(Image-caption web data)
****************************************

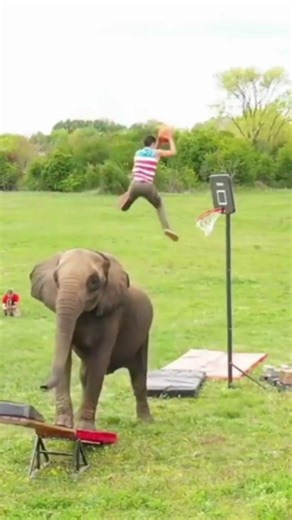 Best Like a Boss Compilation Short1 #hilariousfails #funny #memes #fails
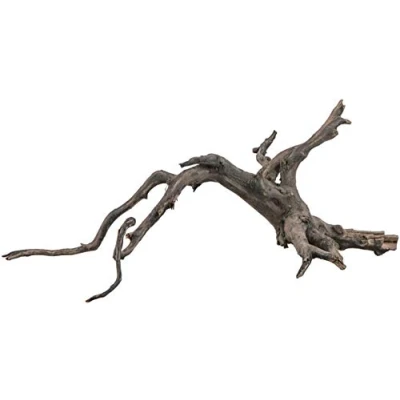 Afbeelding van Sera Filigrane wortel Scaper Root S 25 30 cm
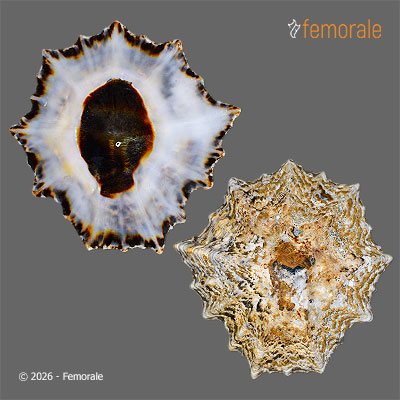 Cymbula granatina (Linnaeus, 1758)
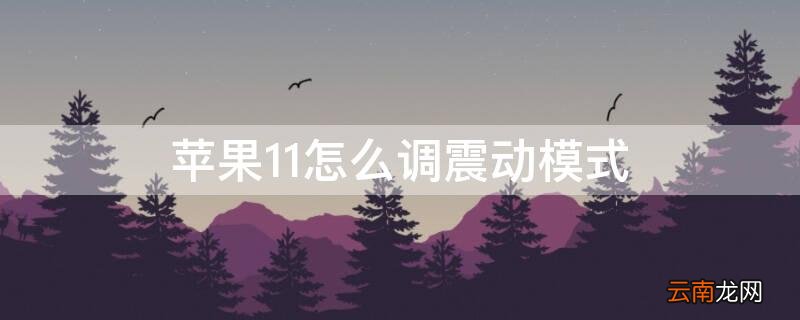 iPhone11怎么调震动模式 苹果11手机如何调震动模式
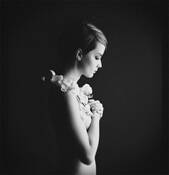 Orchid by Lucy Dankova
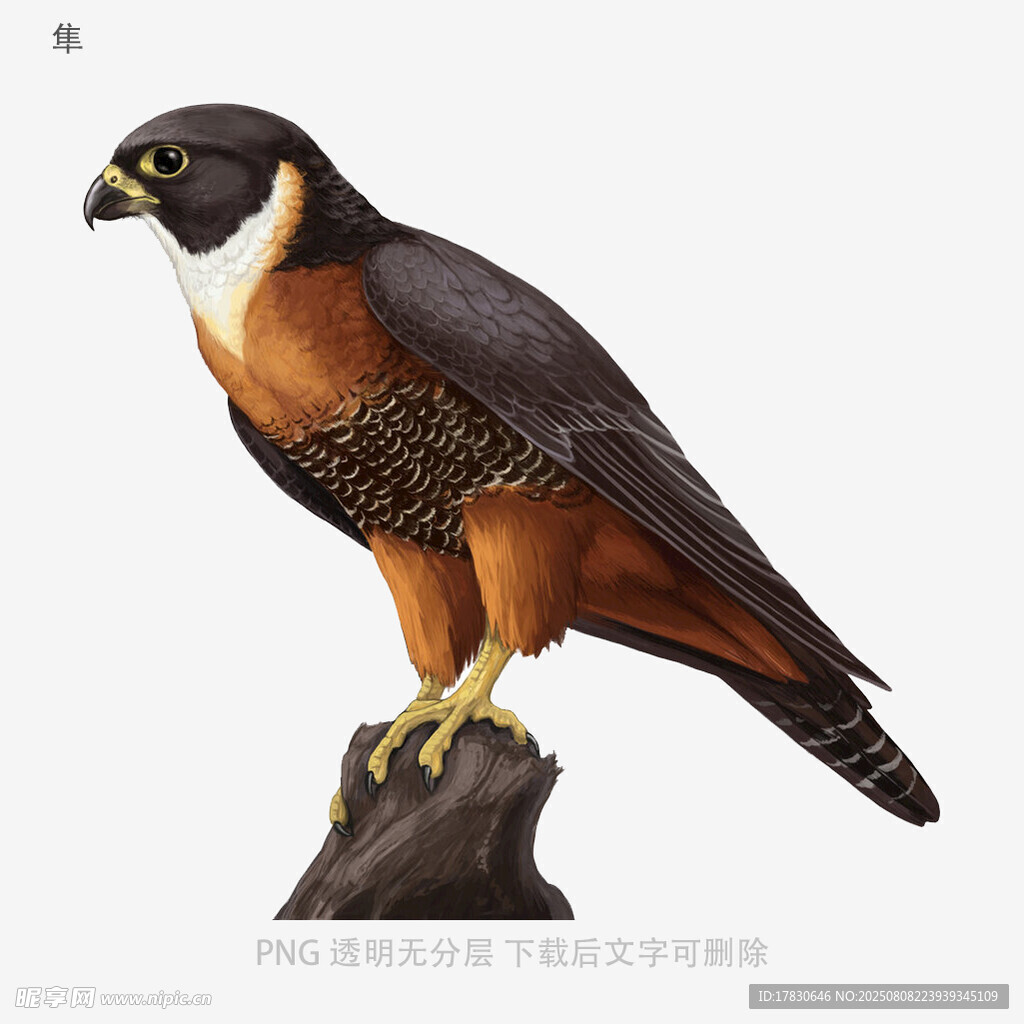 隼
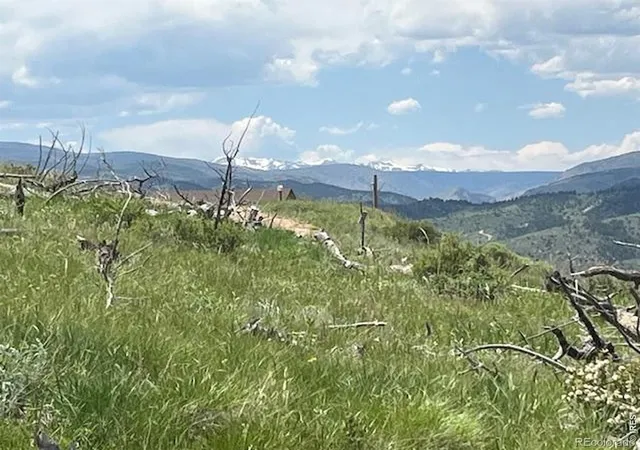 Land for sale at 598 Mount Mcconnell Dr, Livermore, CO 80536 | MLS# IR1060767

****************************************

Once the line holding "Cymbula granatina (Linnaeus, 1758)" is found, copy it and each later line exactly through the end of the data, leaving out the pictures.

 Cymbula granatina (Linnaeus, 1758)
 iPhone11怎么调震动模式 苹果11手机如何调震动模式
 Orchid by Lucy Dankova
 隼
 Land for sale at 598 Mount Mcconnell Dr, Livermore, CO 80536 | MLS# IR1060767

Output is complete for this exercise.